Pet Circle’s CMO Jon Wild Says Linear TV Is “Inflexible”

Pet Circle’s CMO Jon Wild Says Linear TV Is “Inflexible”

Speaking at “The Future Of TV Advertising” event in Sydney yesterday, Pet Circle CMO Jon Wild criticised linear TV for being inflexible and slow in providing marketers with feedback data. 

Wild, who heads marketing for online pet food retailer Pet Circle, was speaking on the panel “What CMOs need from TV today to drive effectiveness”. He was joined by fellow CMOs Susan Coghill from Tourism Australia and Stuart Tucker from HiPages (a platform that connects homeowners with tradies). The panel was hosted by Mi-3’s Paul McIntyre. 

When asked for his position on linear TV, Wild said he was going to give his opinion “on the things linear TV needs to do better”.

He began by saying “it’s very inflexible.”

Whilst you might get feedback on TV spot runs “three weeks after the run” it’s “crazy” that “you [marketers] don’t get it immediately”.

“As a marketer, you want to get them as soon as you possibly can.”

He went on to compare the reporting to e-commerce platform Shopify, saying “I don’t quite understand why the industry hasn’t embraced that kind of technology.”

Later in the panel, Wild clarified why quick data was so important to Pet Circle, saying “we share a monthly report with our VCs on our marketing [activity]” and attempt to show that there is “nothing to hide”.

 “You try to create confidence in what you’re doing through using data,” he said. 

Tucker was more positive about linear TV, saying “we literally built our brand, at least on the consumer side (the homeowner side) off the back of linear TV. More specifically – a very big move we took on The Block a few years ago”.

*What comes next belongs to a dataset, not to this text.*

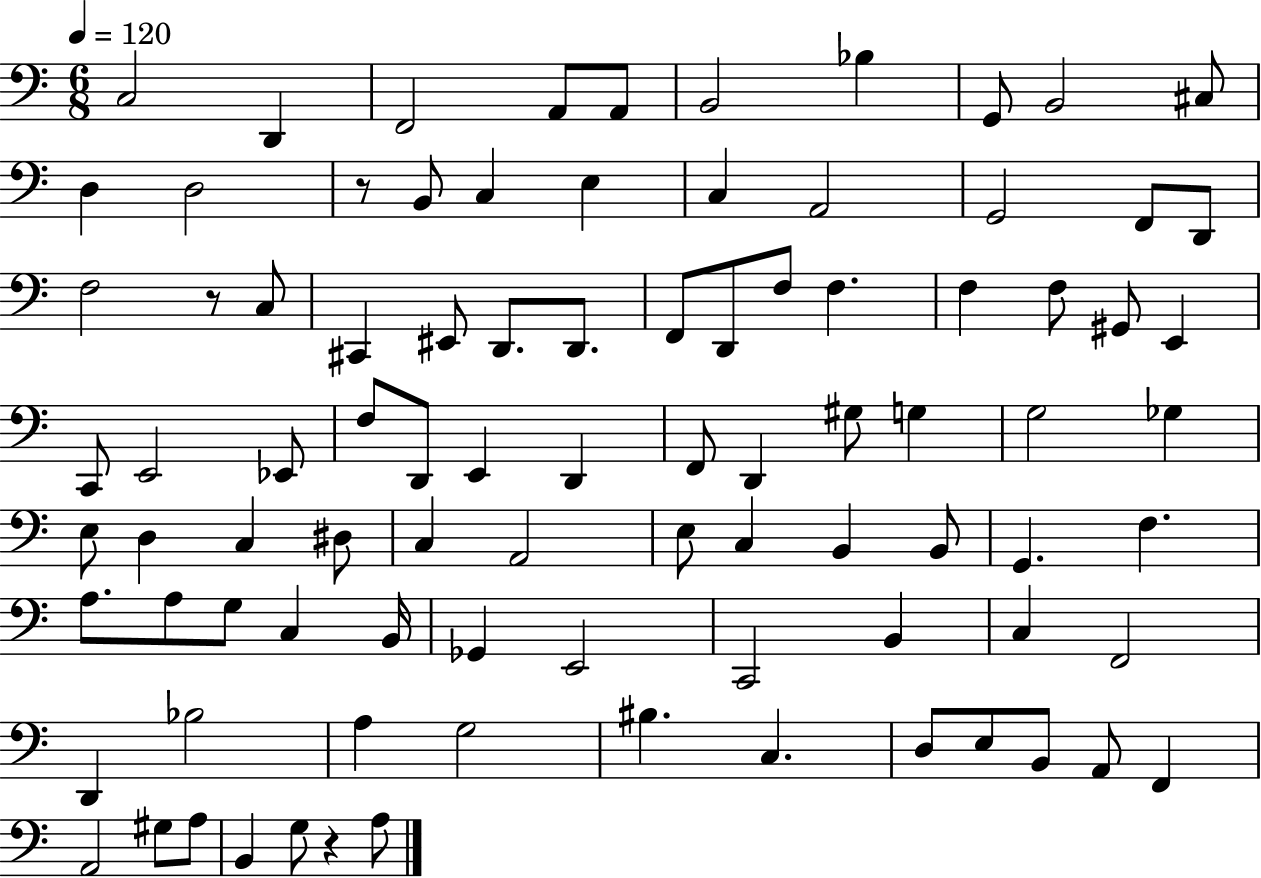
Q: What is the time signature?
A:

Linear TV formed less of HiPages strategy when it came to reaching tradies, however, he said – “its less around linear and more getting targeted on channels like YouTube to reduce waste”.

He added that he was “ambivalent” about whether the viewer came from linear or streaming, saying a viewer from BVOD is still “a viewer”. 

Tucker did go on to say that, due to the “infrequent” nature of homeowners needing the services of tradies, quick feedback was less of a pressing factor. 

“Unlike John, I don’t have to prove our return on every spot, which is great”. 

“When I joined the company five years ago, I was a bit horrified that we were sitting around about 27 per cent for prompted awareness. We’ve lifted that to 66 per cent in five years.” 

Tourism Australia’s Coghill said linear TV was “still incredibly important.” 

“It’s still a key part of our mix, I wouldn’t say it is the largest part of our mix,” she said.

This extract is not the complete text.